__Work to be completed__: Here are the records. Print them all exactly.

__Recorded information__:

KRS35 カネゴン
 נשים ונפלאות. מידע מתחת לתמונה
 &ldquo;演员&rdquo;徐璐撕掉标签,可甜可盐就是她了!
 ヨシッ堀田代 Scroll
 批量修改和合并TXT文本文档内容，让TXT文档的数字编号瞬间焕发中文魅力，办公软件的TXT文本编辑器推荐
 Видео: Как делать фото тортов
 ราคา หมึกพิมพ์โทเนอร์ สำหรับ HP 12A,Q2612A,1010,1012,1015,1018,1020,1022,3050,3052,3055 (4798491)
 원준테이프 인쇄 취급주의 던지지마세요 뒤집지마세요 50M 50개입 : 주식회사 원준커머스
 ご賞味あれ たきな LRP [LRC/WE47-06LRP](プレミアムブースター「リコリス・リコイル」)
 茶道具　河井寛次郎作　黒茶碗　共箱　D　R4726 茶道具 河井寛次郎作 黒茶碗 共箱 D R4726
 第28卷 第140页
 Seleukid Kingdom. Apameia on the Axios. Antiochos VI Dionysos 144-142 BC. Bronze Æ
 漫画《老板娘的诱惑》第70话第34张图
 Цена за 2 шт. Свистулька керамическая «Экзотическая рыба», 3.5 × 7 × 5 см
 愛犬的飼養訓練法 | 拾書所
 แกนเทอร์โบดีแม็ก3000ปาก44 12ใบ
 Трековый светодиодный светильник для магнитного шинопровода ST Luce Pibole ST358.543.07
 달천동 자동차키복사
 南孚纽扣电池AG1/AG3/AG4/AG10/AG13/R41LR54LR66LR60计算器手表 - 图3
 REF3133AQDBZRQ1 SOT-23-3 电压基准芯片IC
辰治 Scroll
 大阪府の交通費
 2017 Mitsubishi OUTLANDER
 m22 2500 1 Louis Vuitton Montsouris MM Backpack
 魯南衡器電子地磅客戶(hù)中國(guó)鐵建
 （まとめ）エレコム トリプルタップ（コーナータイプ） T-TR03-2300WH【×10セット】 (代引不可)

__Exercise result__:
KRS35 カネゴン
 נשים ונפלאות. מידע מתחת לתמונה
 &ldquo;演员&rdquo;徐璐撕掉标签,可甜可盐就是她了!
 ヨシッ堀田代 Scroll
 批量修改和合并TXT文本文档内容，让TXT文档的数字编号瞬间焕发中文魅力，办公软件的TXT文本编辑器推荐
 Видео: Как делать фото тортов
 ราคา หมึกพิมพ์โทเนอร์ สำหรับ HP 12A,Q2612A,1010,1012,1015,1018,1020,1022,3050,3052,3055 (4798491)
 원준테이프 인쇄 취급주의 던지지마세요 뒤집지마세요 50M 50개입 : 주식회사 원준커머스
 ご賞味あれ たきな LRP [LRC/WE47-06LRP](プレミアムブースター「リコリス・リコイル」)
 茶道具　河井寛次郎作　黒茶碗　共箱　D　R4726 茶道具 河井寛次郎作 黒茶碗 共箱 D R4726
 第28卷 第140页
 Seleukid Kingdom. Apameia on the Axios. Antiochos VI Dionysos 144-142 BC. Bronze Æ
 漫画《老板娘的诱惑》第70话第34张图
 Цена за 2 шт. Свистулька керамическая «Экзотическая рыба», 3.5 × 7 × 5 см
 愛犬的飼養訓練法 | 拾書所
 แกนเทอร์โบดีแม็ก3000ปาก44 12ใบ
 Трековый светодиодный светильник для магнитного шинопровода ST Luce Pibole ST358.543.07
 달천동 자동차키복사
 南孚纽扣电池AG1/AG3/AG4/AG10/AG13/R41LR54LR66LR60计算器手表 - 图3
 REF3133AQDBZRQ1 SOT-23-3 电压基准芯片IC
辰治 Scroll
 大阪府の交通費
 2017 Mitsubishi OUTLANDER
 m22 2500 1 Louis Vuitton Montsouris MM Backpack
 魯南衡器電子地磅客戶(hù)中國(guó)鐵建
 （まとめ）エレコム トリプルタップ（コーナータイプ） T-TR03-2300WH【×10セット】 (代引不可)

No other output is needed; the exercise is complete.